Almost hitting two young kids, who darted out from a car parked right in a crosswalk, was just too much for a local mom to bear.

Just hours after that experience, Tessa Hahn-Poole set off on a mission to improve child safety at Coquihalla Elementary School – a mission she says only necessary because parents ignore newsletter safety reminders sent home from the school.

Tessa’s facebook campaign garnered lots of support from her friends who also recognize that there was a problem with parents dropping off and picking up their children within no-parking zones.

The same day Tessa moved up the ladder in her lobbying efforts in contacting the RCMP and the Fraser Cascade School district to see what action could be taken.

Within 24 hours her efforts were rewarded with the arrival at the school of Hope’s bylaw enforcement officer, Jim Griffiths, just in time for the dismissal bell last Thursday.

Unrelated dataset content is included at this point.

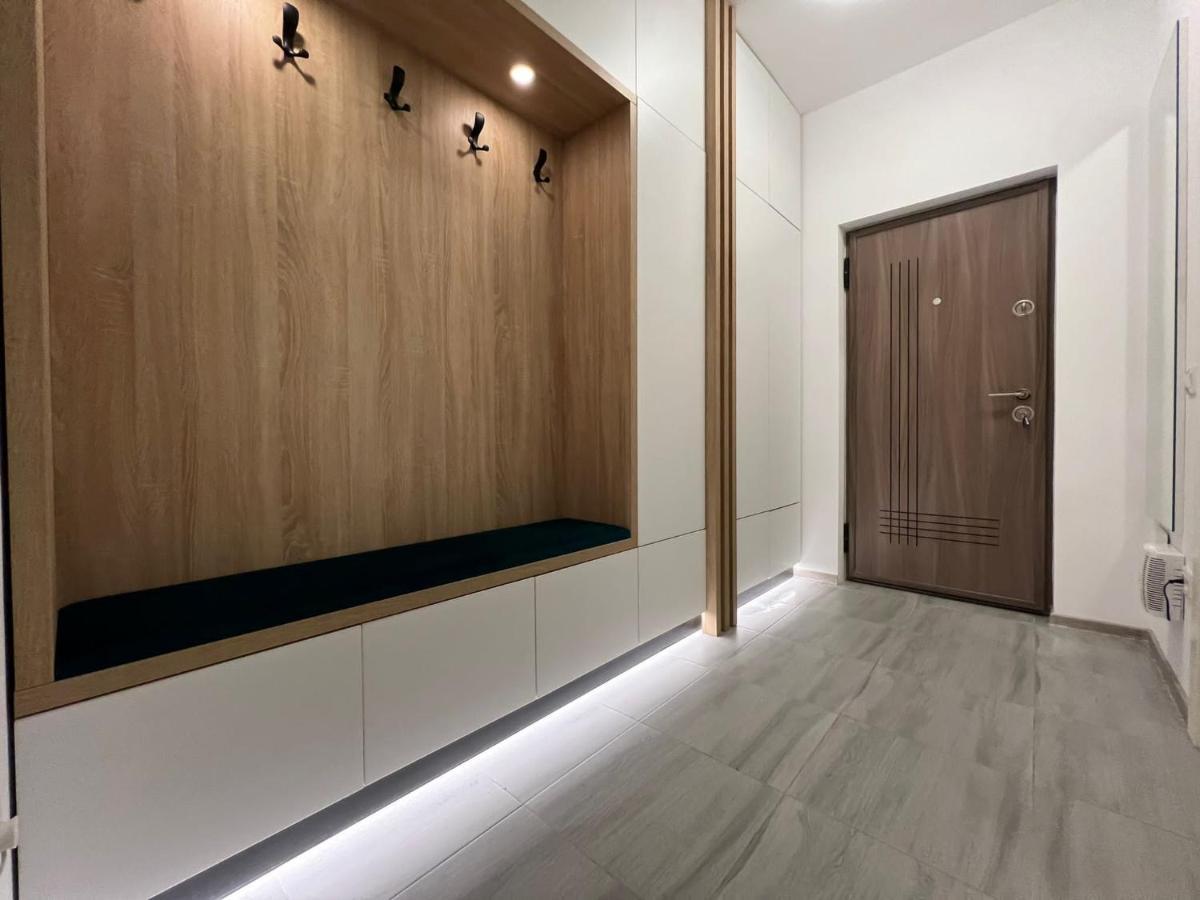 Апартаменты Perfect Host Palas Centru Яссы Экстерьер фото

But even with his massive white bylaw enforcement truck, its bright light bar blazing, parked right in the middle of the yellow-lined no-go zone, vehicle after vehicle pulled up right in front of him or right behind him. The oblivious occupants then hopped out of their vehicles and headed into the primary school.

Between running from vehicle to vehicle, with ticket book in hand, Griffiths told the Hope Standard that patrols of the no parking zones will continue into the future. The warning tickets he was giving out, however, will stop.

“In the future, I will just drive up, take a picture with my trusty camera, go back to the office, run the registered owner and mail out a ticket,” said Griffiths. And a ticket under the District of Hope traffic bylaw for parking at a yellow-painted curb will run you $50.

“It is about the safety of the kids,” says Griffiths, pointing out that if someone parks in the no-parking zone which runs along the entire length of the school, any young child that darts out onto the street, even in the crosswalk, can not been seen by a driver until it is too late.

School district treasurer, Natalie Lowe-Zucchet, has also been working with Tessa to find some other solutions. And yet a second one comes from the District of Hope with the promise of larger, brighter pedestrian crossing signs.

The school district, the Coquihalla Parents Advisory Committee, as well as the school principal, are also looking into the possibility of setting up a volunteer crossing guard program.